Indiana Auto Dealers Rely On CarFax, But Should You?

CarFax is the nation's most popular way to research the history of used cars, and not just by consumers. Whether you live in Lebanon, Indianapolis, or West Lafayette, or anywhere else for that matter, chances are your local dealership has an account. More than 29,000 car dealers in the United States have one.

But the reliability of CarFax's reports has recently been questioned because of attention from the settlement of a nationwide class-action lawsuit. The lawsuit alleged that CarFax's reports were not as comprehensive as CarFax claimed. The settlement will give millions who purchased a CarFax report before October 27, 2006 the opportunity to choose one free or multiple discounted reports, or a 20 percent discount on a vehicle inspection. Big whoop. My guess is that the discounted inspection is coming a little late for most of the CarFax report purchasers.

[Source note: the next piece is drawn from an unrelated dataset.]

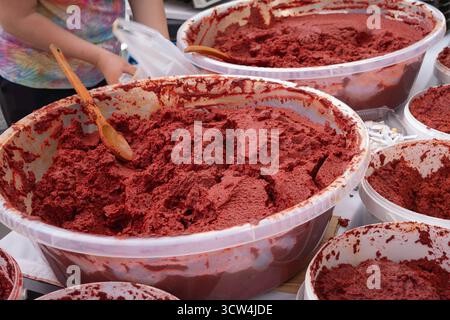 Pâte de tomate maison dans de grands récipients. Pâte de tomate fraîche traditionnelle à vendre sur un marché Banque D'Images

Anyway, this publicity emphasizes what should really be common sense - that there's really no way a report like this could be 100% accurate. A vehicle history report can certainly be a tool to use in making a used car purchase, but it should never be the sole reason to make a buying decision.

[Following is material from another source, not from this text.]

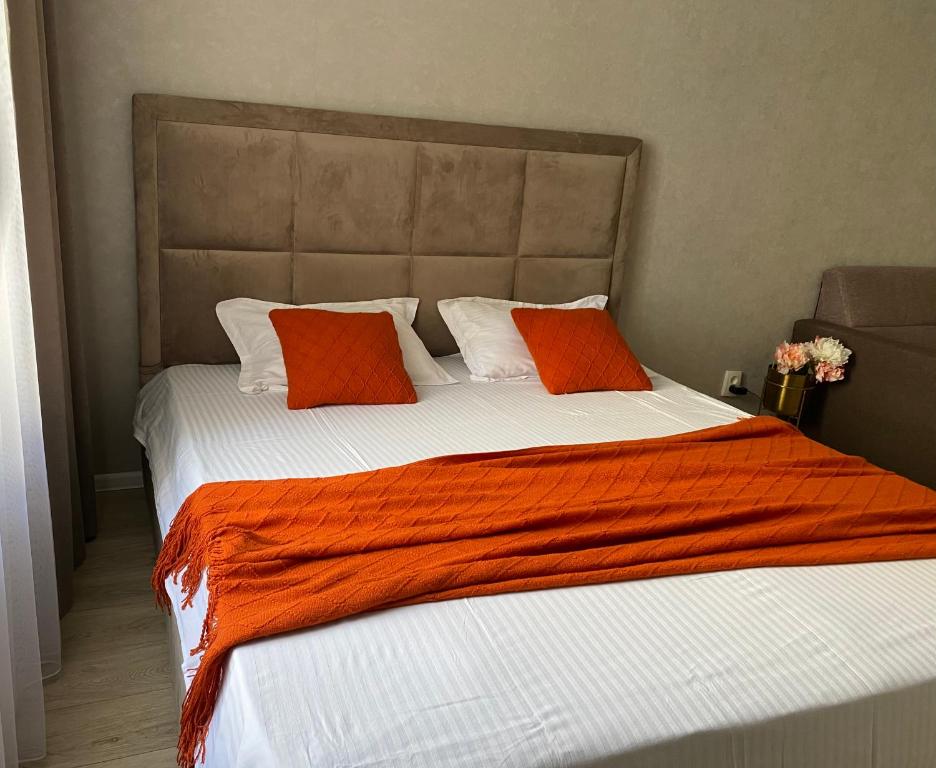 a large bed with two orange pillows on it at Уютная квартира на ЭКСПО in Prigorodnyy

There can sometimes be a substantial lag time between damage to a vehicle and the time that information makes it into the CarFax database. And there are significant sources of relevant information that still are mostly not included in the database, such as insurance claims. With regard to insurance claims, though, that does seem to be changing recently.

CarFax itself has stated that they have never implied that a report was the only tool a buyer needed, stating "we've always encouraged people to get an inspection by a mechanic." And that really is the bottom line. If you aren't a mechanic or a person with significant automobile knowledge, the smartest thing you can possibly do in purchasing a used car is have it inspected by a mechanic. It will be worth every penny.

After all, you wouldn't want to purchase one of these vehicles unknowingly, would you?
And no, I have no idea how that happened or even could have happenedI

As an interesting aside, guess who owns AutoCheck, CarFax's chief competitor? None other than Experian, of credit reporting fame.